Monday afternoon at the KEXP Music Lounge during the Bumbershoot 2008 festival was THE place to be for awe-inspiring, intelligent, emotionally resonant modern rock music. Two Gallants had just earned a standing ovation and been ushered to the DJ booth for an interview by Rolling Stone correspondent Jonathan Zwickel as the comfy hidden venue was cleared for the next act, John Vanderslice, accompanied by North Carolina violinist Daniel Hart (of band Physics of Meaning).
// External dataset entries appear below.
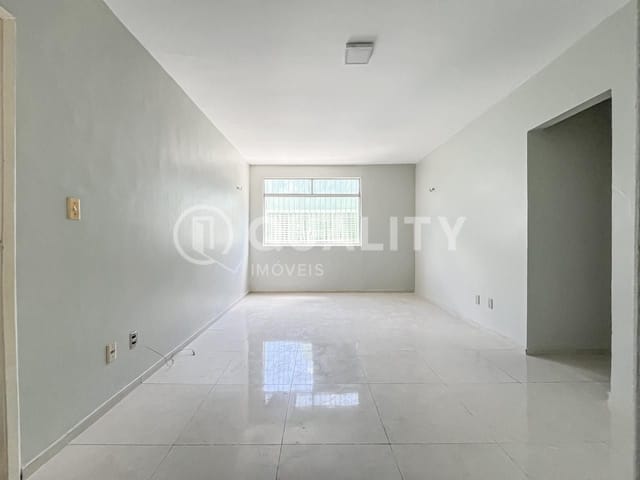 Apartamento 3 quartos e 2 banheiros, à venda ou para alugar, no bairro Amadeu Furtado em Fortaleza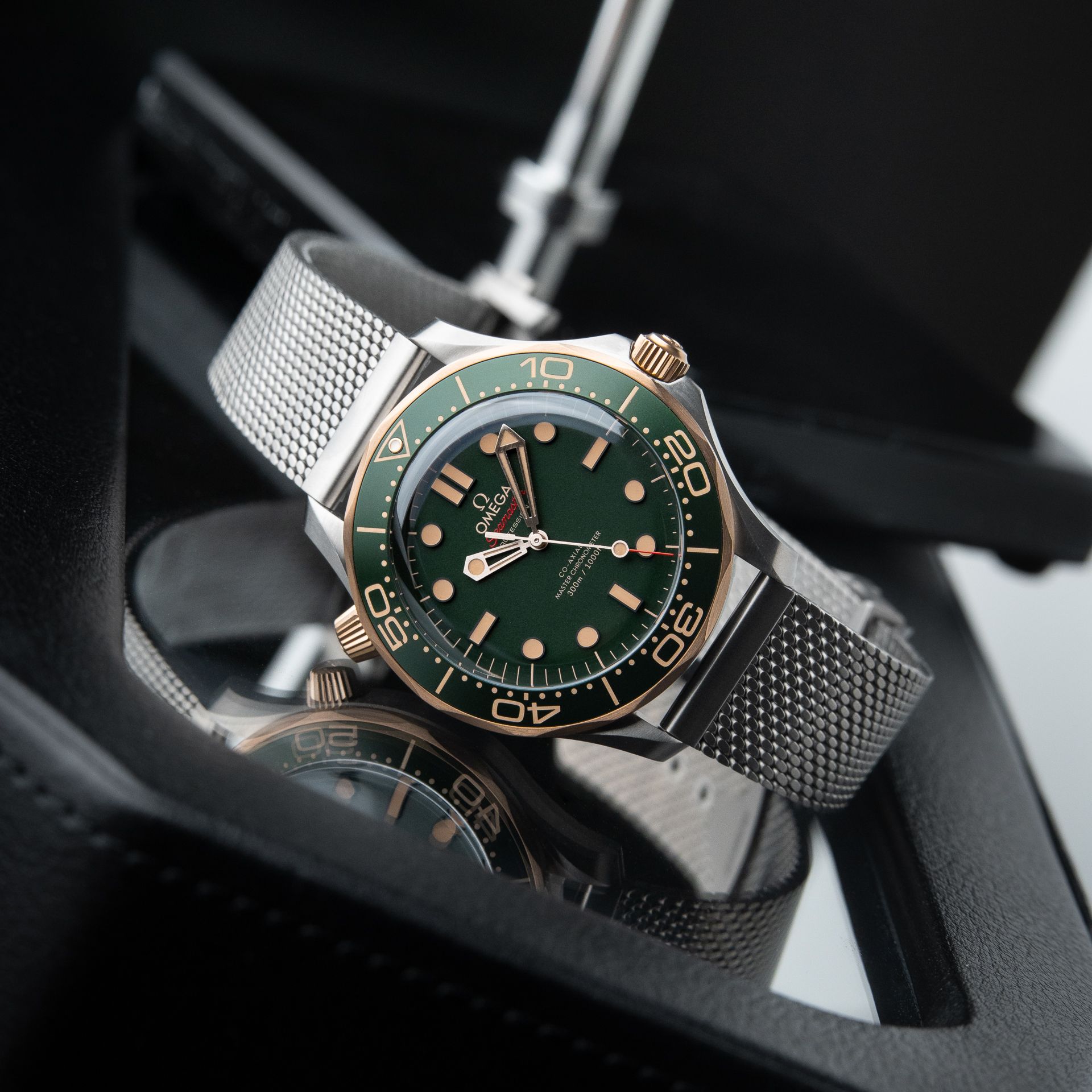 OMEGA Seamaster Diver 300M UNWORN 12/2025 Bronze Gold Green Mesh Titanium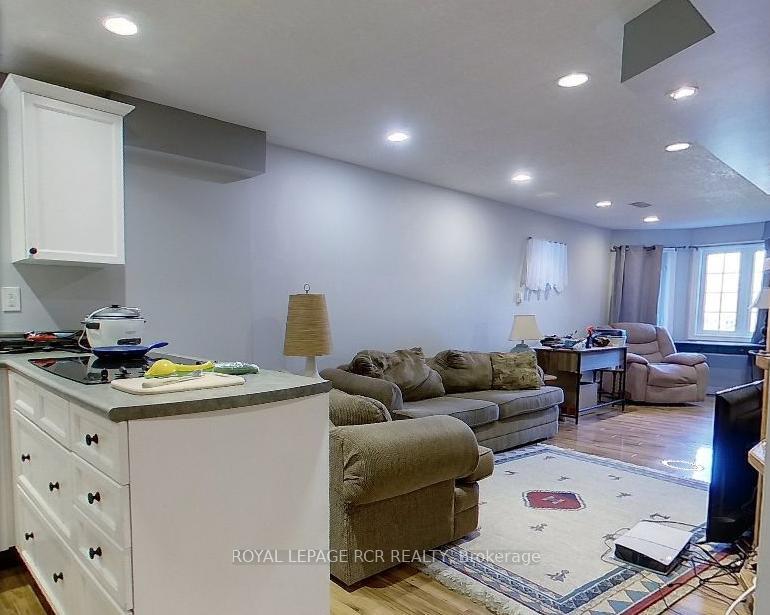 









24


Tascona

Court,
Barrie,




ON
L4M 0C5

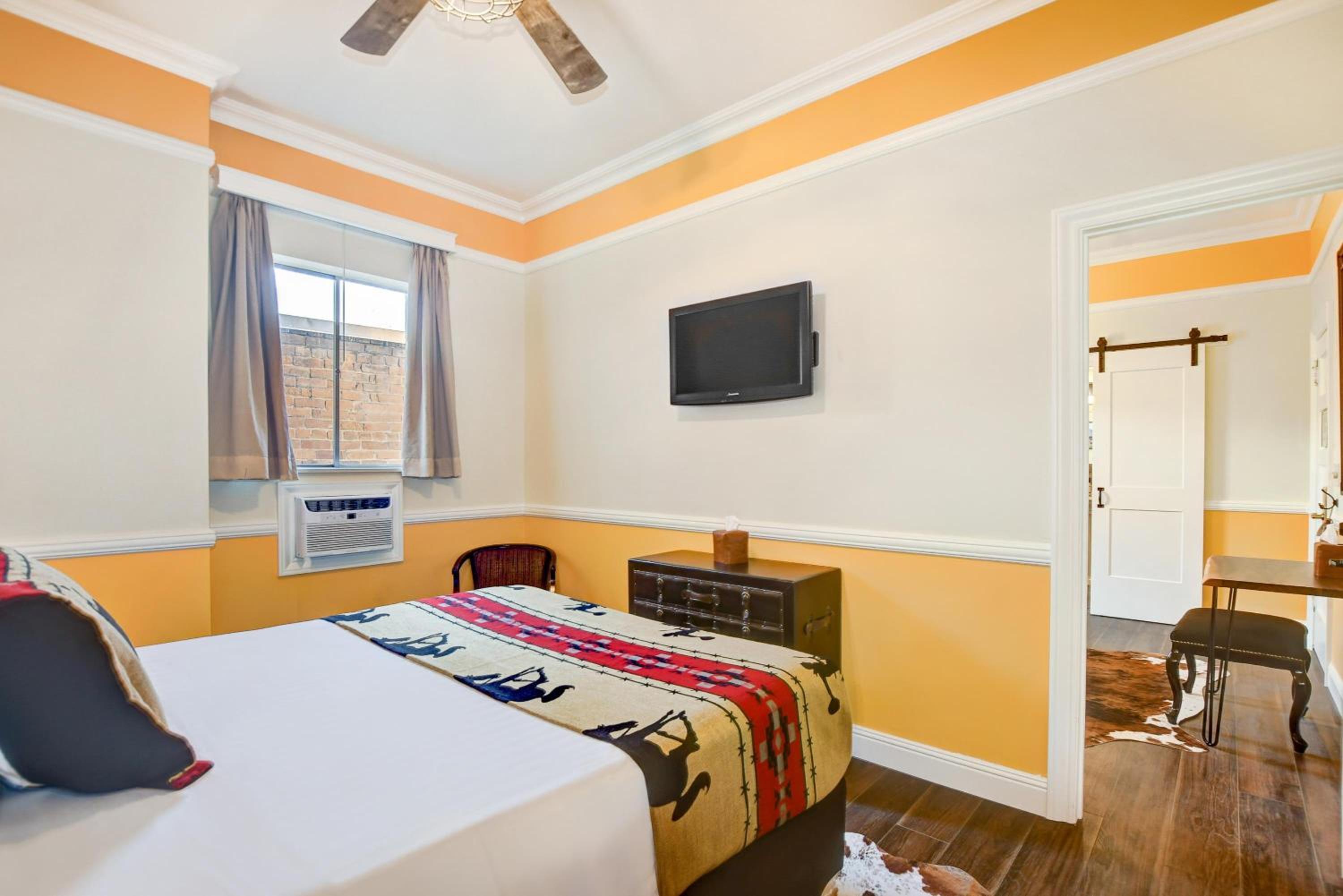 Two-Room Family Suite with Two Queen Beds - Non-Smoking photo 2
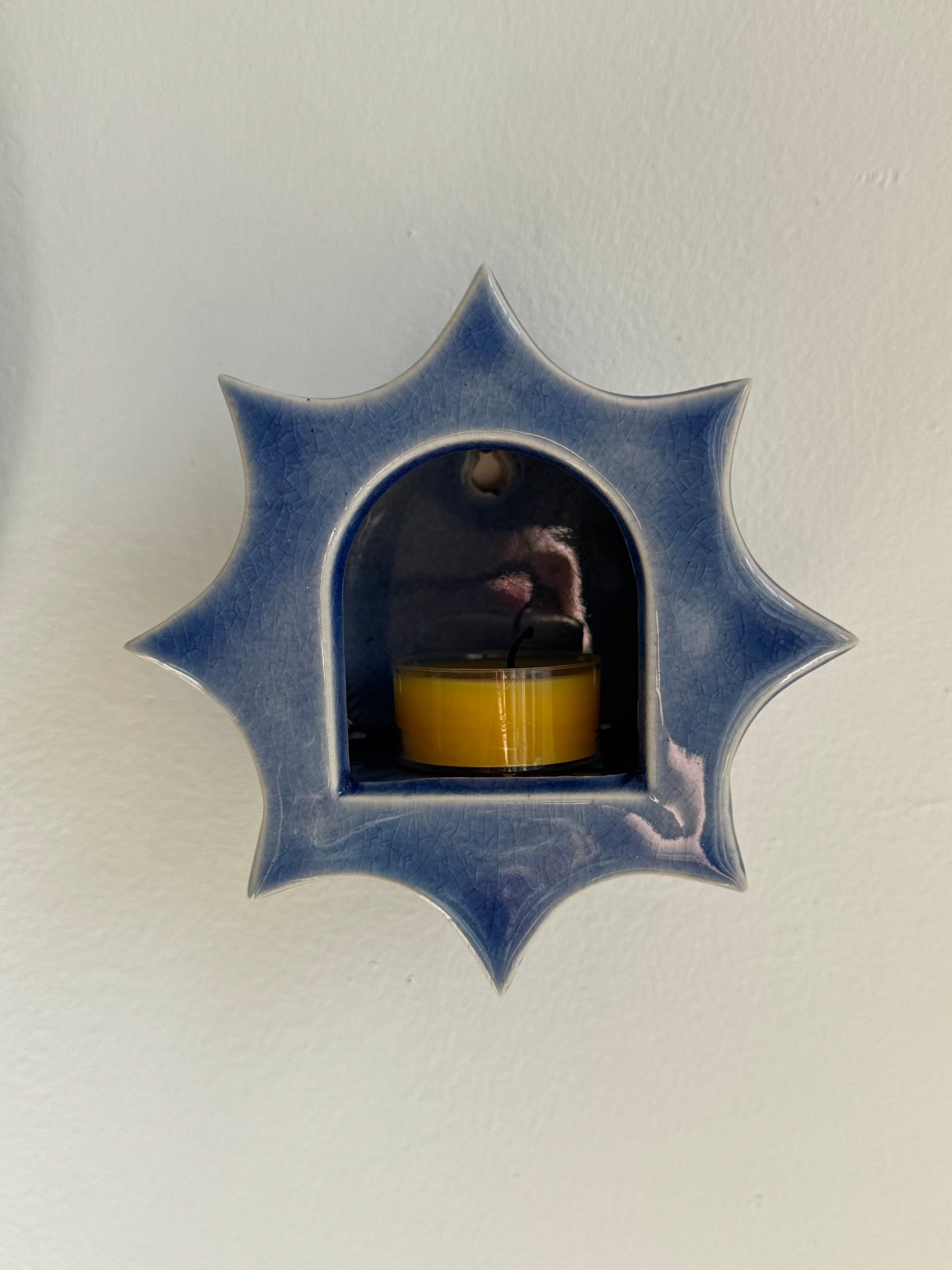 Ocean Crackle Star Sconce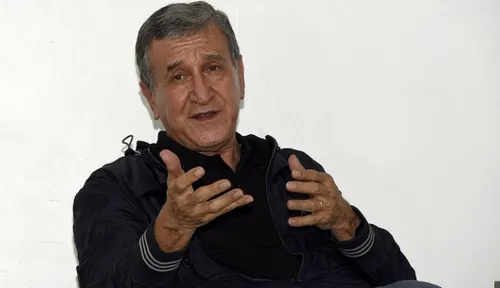 
          Imagem ilustrativa da imagem Carlos Alberto Parreira, ex-técnico da seleção brasileira, é internado no Rio
          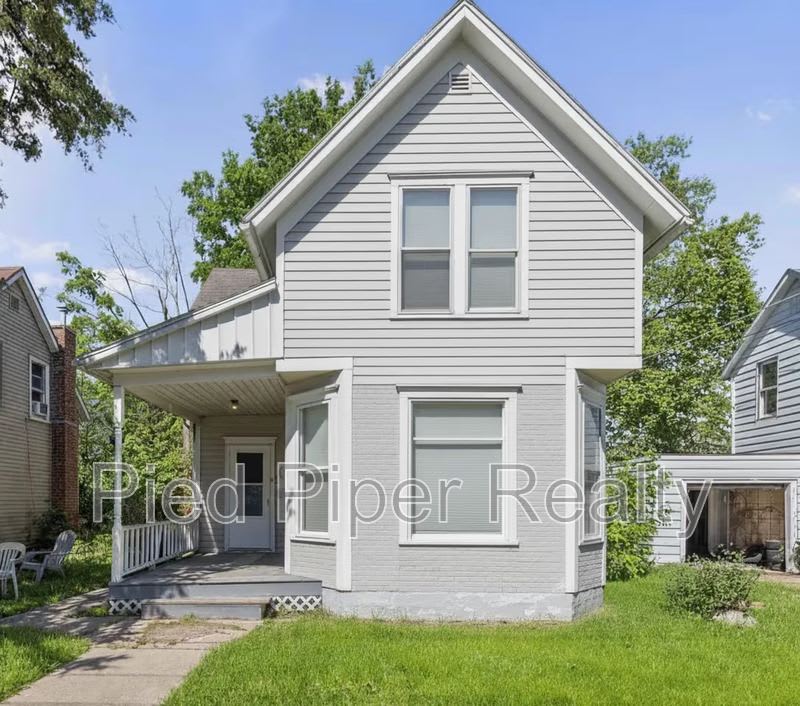 816 South James Avenue – photo 1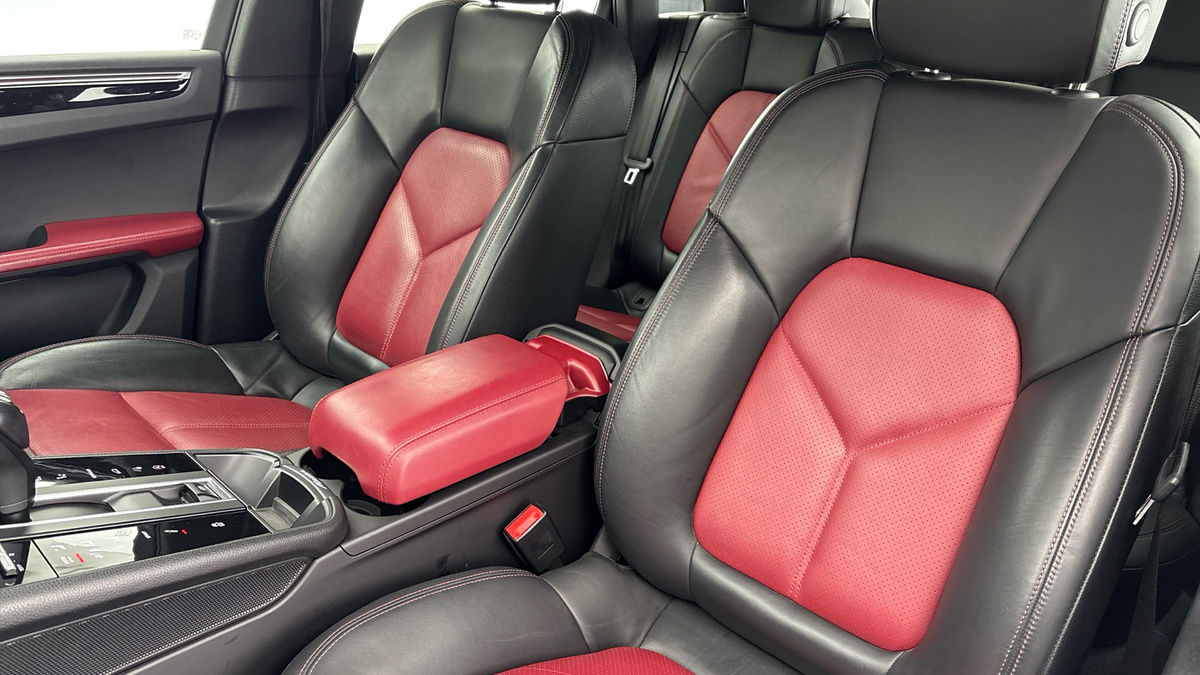 Used Porsche Macan 2021 for sale - 76974106: Photo 7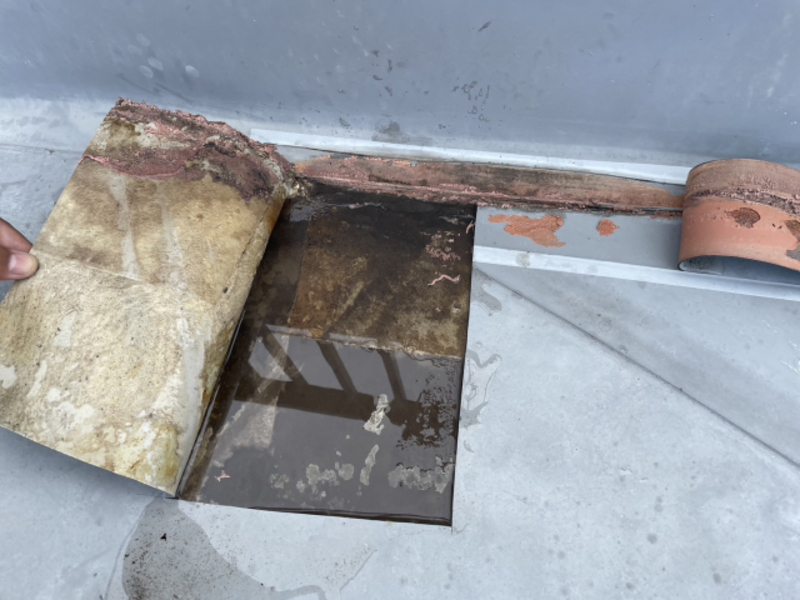 ベランダ下からの雨漏りの原因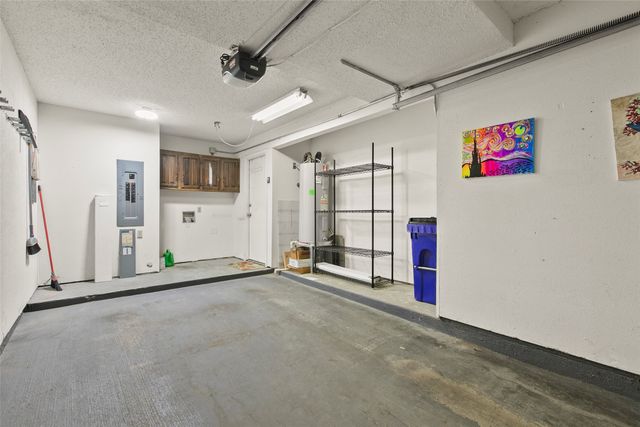 3195 Golden Oak Court, Farmers Branch, TX 75234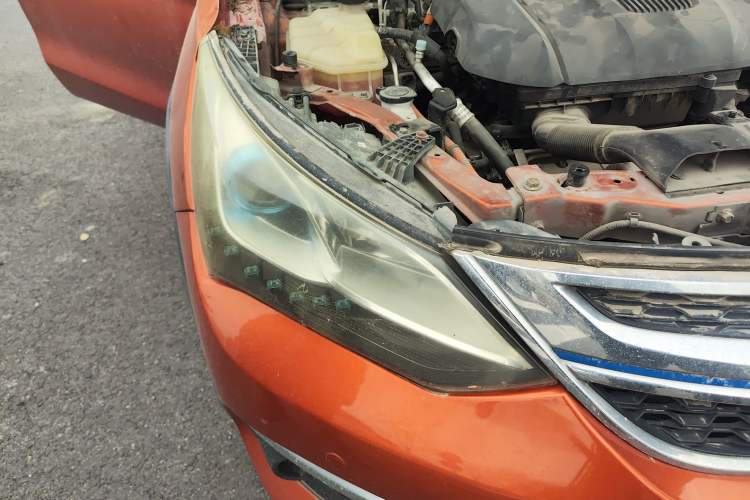 Used BYD Song New Energy 2017 Song DM 1.5TID All-Wheel Drive Luxury Model Right Front Headlight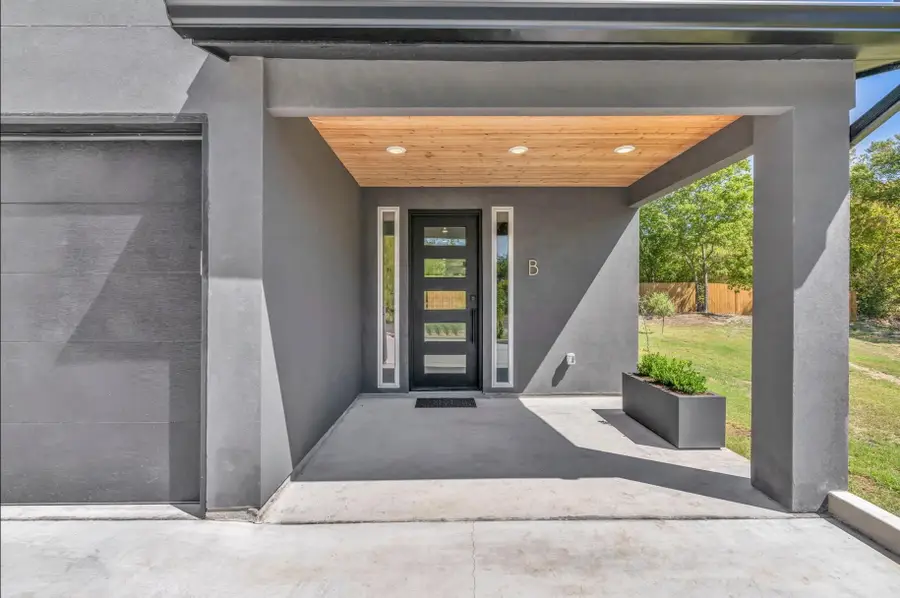 1006 E Marble #b, Burnet, TX 78611-0000 - Image #2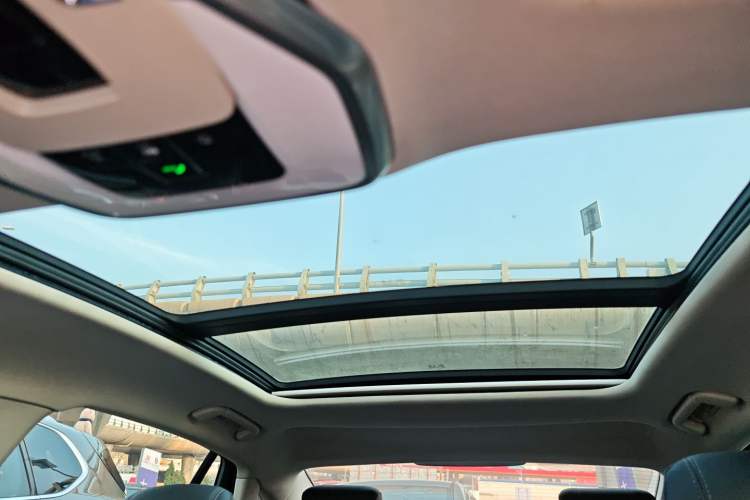 Used Hongqi H5 2023 2.0T Automatic Smart Connect Flagship Edition Headliner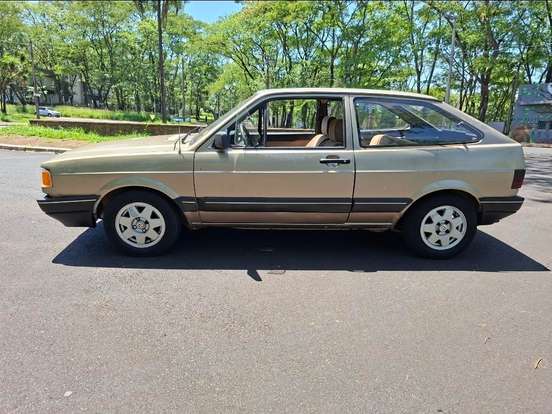 VOLKSWAGEN-GOL-1992
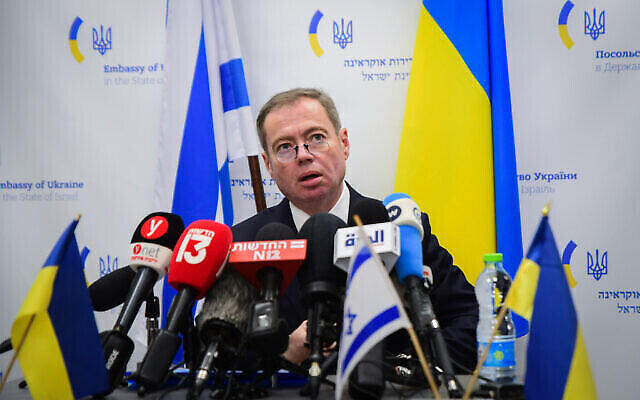 L'ambassadeur ukrainien en Israël, Yevgen Korniychuk, lors d'une déclaration aux médias à Tel Aviv, le 11 mars 2022. (Crédit : Avshalom Sassoni‎‏/Flash90)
"You're all here by invitation right?" Vanderslice joked before starting his wonderfully wistful, evocative set. "Usually we can't get into places like this." Vanderslice's musical narratives were sophisticated and funny, with lines like "I'll have my editors arrange for payment" jumping out from the sweet honey of his tumescent tunes. So many vivid images tumbled out of these melodic but never really mellow songs: A love of restlessness, a need for purpose, details about pots and pans and taped-over Krokus cassettes in hand-held recorders capturing sacred and terrible moments, hearts breaking as she goes to the ATM machine, Tarot decks with fateful cards, tinted windows.
I had never seen Vanderslice live before, and this succinct but somehow generous set made me want to go home and listen to all his records. It ended with he and Hart arousing the swooning audience to clap and stomp along with a final heartbreak number, as Vanderslice reminded us all that "the guy who stole your girlfriend from you in '75 is going to die." An intimate, endearing moment of beautiful music in the middle of the raging Seattle rock festival party surrounding it.